Transcribe the data. Leave out nothing.

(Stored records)
━━━━━━━━━━━━━━━━━━━━━━━━━━━━━━

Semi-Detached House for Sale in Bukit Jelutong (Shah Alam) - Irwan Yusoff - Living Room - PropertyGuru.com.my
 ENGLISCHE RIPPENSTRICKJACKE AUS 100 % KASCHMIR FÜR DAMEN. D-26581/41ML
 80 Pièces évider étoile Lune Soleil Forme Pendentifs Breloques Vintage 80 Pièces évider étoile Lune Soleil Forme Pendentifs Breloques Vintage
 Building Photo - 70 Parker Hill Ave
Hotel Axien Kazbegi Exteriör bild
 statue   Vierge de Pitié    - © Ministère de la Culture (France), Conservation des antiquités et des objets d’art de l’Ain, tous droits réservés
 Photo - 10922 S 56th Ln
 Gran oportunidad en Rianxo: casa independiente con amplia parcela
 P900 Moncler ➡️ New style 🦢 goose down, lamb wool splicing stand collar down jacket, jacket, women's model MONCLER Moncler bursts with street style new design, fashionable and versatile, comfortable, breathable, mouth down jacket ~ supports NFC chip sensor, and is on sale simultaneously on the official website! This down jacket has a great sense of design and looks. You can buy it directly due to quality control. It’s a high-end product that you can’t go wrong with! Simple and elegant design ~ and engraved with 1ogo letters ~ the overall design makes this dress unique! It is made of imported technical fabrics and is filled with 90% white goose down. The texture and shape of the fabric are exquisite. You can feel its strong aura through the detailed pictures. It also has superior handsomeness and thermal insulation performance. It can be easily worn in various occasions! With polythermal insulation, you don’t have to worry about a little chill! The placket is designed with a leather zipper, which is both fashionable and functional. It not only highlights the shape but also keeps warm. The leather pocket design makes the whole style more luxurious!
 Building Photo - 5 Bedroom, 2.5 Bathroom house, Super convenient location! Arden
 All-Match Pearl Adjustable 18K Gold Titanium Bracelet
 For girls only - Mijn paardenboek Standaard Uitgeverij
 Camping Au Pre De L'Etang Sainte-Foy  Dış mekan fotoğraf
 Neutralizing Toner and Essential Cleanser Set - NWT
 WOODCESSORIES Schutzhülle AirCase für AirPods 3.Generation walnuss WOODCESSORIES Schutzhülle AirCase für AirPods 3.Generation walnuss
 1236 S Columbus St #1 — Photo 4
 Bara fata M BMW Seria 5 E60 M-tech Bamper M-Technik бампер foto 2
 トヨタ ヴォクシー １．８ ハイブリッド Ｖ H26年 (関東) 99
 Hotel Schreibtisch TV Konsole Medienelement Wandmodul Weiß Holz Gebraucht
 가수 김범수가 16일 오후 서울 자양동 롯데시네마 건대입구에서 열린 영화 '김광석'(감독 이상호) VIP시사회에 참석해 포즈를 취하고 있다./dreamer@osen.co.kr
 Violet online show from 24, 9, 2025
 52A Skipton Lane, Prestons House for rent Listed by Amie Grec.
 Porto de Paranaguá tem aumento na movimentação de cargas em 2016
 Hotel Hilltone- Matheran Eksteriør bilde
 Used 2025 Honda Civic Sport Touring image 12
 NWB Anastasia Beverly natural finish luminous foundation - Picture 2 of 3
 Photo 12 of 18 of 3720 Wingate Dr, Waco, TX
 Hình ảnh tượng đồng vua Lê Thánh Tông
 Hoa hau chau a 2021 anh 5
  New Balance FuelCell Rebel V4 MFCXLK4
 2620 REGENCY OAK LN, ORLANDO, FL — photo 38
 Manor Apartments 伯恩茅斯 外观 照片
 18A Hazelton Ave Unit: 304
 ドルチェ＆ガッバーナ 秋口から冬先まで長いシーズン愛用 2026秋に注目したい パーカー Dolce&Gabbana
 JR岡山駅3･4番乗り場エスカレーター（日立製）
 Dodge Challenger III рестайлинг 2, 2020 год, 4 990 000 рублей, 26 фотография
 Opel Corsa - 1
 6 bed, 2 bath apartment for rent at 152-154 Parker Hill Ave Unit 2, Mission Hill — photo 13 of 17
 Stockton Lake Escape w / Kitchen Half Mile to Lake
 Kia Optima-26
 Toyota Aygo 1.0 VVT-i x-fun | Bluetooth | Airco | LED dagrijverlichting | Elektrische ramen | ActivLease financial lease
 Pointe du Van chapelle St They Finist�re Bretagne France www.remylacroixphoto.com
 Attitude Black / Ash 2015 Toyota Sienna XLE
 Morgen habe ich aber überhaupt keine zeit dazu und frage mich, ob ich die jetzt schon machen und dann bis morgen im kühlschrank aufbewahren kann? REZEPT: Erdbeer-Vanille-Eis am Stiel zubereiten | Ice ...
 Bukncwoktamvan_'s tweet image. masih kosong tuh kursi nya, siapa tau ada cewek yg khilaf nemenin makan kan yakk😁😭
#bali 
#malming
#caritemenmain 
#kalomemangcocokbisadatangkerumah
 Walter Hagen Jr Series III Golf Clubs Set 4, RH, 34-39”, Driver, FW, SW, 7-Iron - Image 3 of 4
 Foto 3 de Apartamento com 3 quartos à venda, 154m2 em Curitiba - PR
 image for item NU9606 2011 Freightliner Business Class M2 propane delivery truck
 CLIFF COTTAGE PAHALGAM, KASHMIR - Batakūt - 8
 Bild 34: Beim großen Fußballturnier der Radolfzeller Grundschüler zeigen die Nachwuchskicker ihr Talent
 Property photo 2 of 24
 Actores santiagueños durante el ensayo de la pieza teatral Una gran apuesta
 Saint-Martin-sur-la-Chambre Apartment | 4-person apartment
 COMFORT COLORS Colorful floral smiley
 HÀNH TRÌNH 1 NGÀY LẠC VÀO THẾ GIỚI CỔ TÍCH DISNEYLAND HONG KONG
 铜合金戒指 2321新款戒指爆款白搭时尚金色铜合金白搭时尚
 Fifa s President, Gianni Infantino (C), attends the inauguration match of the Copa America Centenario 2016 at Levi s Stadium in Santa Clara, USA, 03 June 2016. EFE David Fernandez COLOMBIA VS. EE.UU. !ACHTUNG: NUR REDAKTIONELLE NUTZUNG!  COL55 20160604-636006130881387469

━━━━━━━━━━━━━━━━━━━━━━━━━━━━━━

#### OUTPUT OF THE TASK:
Semi-Detached House for Sale in Bukit Jelutong (Shah Alam) - Irwan Yusoff - Living Room - PropertyGuru.com.my
 ENGLISCHE RIPPENSTRICKJACKE AUS 100 % KASCHMIR FÜR DAMEN. D-26581/41ML
 80 Pièces évider étoile Lune Soleil Forme Pendentifs Breloques Vintage 80 Pièces évider étoile Lune Soleil Forme Pendentifs Breloques Vintage
 Building Photo - 70 Parker Hill Ave
Hotel Axien Kazbegi Exteriör bild
 statue   Vierge de Pitié    - © Ministère de la Culture (France), Conservation des antiquités et des objets d’art de l’Ain, tous droits réservés
 Photo - 10922 S 56th Ln
 Gran oportunidad en Rianxo: casa independiente con amplia parcela
 P900 Moncler ➡️ New style 🦢 goose down, lamb wool splicing stand collar down jacket, jacket, women's model MONCLER Moncler bursts with street style new design, fashionable and versatile, comfortable, breathable, mouth down jacket ~ supports NFC chip sensor, and is on sale simultaneously on the official website! This down jacket has a great sense of design and looks. You can buy it directly due to quality control. It’s a high-end product that you can’t go wrong with! Simple and elegant design ~ and engraved with 1ogo letters ~ the overall design makes this dress unique! It is made of imported technical fabrics and is filled with 90% white goose down. The texture and shape of the fabric are exquisite. You can feel its strong aura through the detailed pictures. It also has superior handsomeness and thermal insulation performance. It can be easily worn in various occasions! With polythermal insulation, you don’t have to worry about a little chill! The placket is designed with a leather zipper, which is both fashionable and functional. It not only highlights the shape but also keeps warm. The leather pocket design makes the whole style more luxurious!
 Building Photo - 5 Bedroom, 2.5 Bathroom house, Super convenient location! Arden
 All-Match Pearl Adjustable 18K Gold Titanium Bracelet
 For girls only - Mijn paardenboek Standaard Uitgeverij
 Camping Au Pre De L'Etang Sainte-Foy  Dış mekan fotoğraf
 Neutralizing Toner and Essential Cleanser Set - NWT
 WOODCESSORIES Schutzhülle AirCase für AirPods 3.Generation walnuss WOODCESSORIES Schutzhülle AirCase für AirPods 3.Generation walnuss
 1236 S Columbus St #1 — Photo 4
 Bara fata M BMW Seria 5 E60 M-tech Bamper M-Technik бампер foto 2
 トヨタ ヴォクシー １．８ ハイブリッド Ｖ H26年 (関東) 99
 Hotel Schreibtisch TV Konsole Medienelement Wandmodul Weiß Holz Gebraucht
 가수 김범수가 16일 오후 서울 자양동 롯데시네마 건대입구에서 열린 영화 '김광석'(감독 이상호) VIP시사회에 참석해 포즈를 취하고 있다./dreamer@osen.co.kr
 Violet online show from 24, 9, 2025
 52A Skipton Lane, Prestons House for rent Listed by Amie Grec.
 Porto de Paranaguá tem aumento na movimentação de cargas em 2016
 Hotel Hilltone- Matheran Eksteriør bilde
 Used 2025 Honda Civic Sport Touring image 12
 NWB Anastasia Beverly natural finish luminous foundation - Picture 2 of 3
 Photo 12 of 18 of 3720 Wingate Dr, Waco, TX
 Hình ảnh tượng đồng vua Lê Thánh Tông
 Hoa hau chau a 2021 anh 5
  New Balance FuelCell Rebel V4 MFCXLK4
 2620 REGENCY OAK LN, ORLANDO, FL — photo 38
 Manor Apartments 伯恩茅斯 外观 照片
 18A Hazelton Ave Unit: 304
 ドルチェ＆ガッバーナ 秋口から冬先まで長いシーズン愛用 2026秋に注目したい パーカー Dolce&Gabbana
 JR岡山駅3･4番乗り場エスカレーター（日立製）
 Dodge Challenger III рестайлинг 2, 2020 год, 4 990 000 рублей, 26 фотография
 Opel Corsa - 1
 6 bed, 2 bath apartment for rent at 152-154 Parker Hill Ave Unit 2, Mission Hill — photo 13 of 17
 Stockton Lake Escape w / Kitchen Half Mile to Lake
 Kia Optima-26
 Toyota Aygo 1.0 VVT-i x-fun | Bluetooth | Airco | LED dagrijverlichting | Elektrische ramen | ActivLease financial lease
 Pointe du Van chapelle St They Finist�re Bretagne France www.remylacroixphoto.com
 Attitude Black / Ash 2015 Toyota Sienna XLE
 Morgen habe ich aber überhaupt keine zeit dazu und frage mich, ob ich die jetzt schon machen und dann bis morgen im kühlschrank aufbewahren kann? REZEPT: Erdbeer-Vanille-Eis am Stiel zubereiten | Ice ...
 Bukncwoktamvan_'s tweet image. masih kosong tuh kursi nya, siapa tau ada cewek yg khilaf nemenin makan kan yakk😁😭
#bali 
#malming
#caritemenmain 
#kalomemangcocokbisadatangkerumah
 Walter Hagen Jr Series III Golf Clubs Set 4, RH, 34-39”, Driver, FW, SW, 7-Iron - Image 3 of 4
 Foto 3 de Apartamento com 3 quartos à venda, 154m2 em Curitiba - PR
 image for item NU9606 2011 Freightliner Business Class M2 propane delivery truck
 CLIFF COTTAGE PAHALGAM, KASHMIR - Batakūt - 8
 Bild 34: Beim großen Fußballturnier der Radolfzeller Grundschüler zeigen die Nachwuchskicker ihr Talent
 Property photo 2 of 24
 Actores santiagueños durante el ensayo de la pieza teatral Una gran apuesta
 Saint-Martin-sur-la-Chambre Apartment | 4-person apartment
 COMFORT COLORS Colorful floral smiley
 HÀNH TRÌNH 1 NGÀY LẠC VÀO THẾ GIỚI CỔ TÍCH DISNEYLAND HONG KONG
 铜合金戒指 2321新款戒指爆款白搭时尚金色铜合金白搭时尚
 Fifa s President, Gianni Infantino (C), attends the inauguration match of the Copa America Centenario 2016 at Levi s Stadium in Santa Clara, USA, 03 June 2016. EFE David Fernandez COLOMBIA VS. EE.UU. !ACHTUNG: NUR REDAKTIONELLE NUTZUNG!  COL55 20160604-636006130881387469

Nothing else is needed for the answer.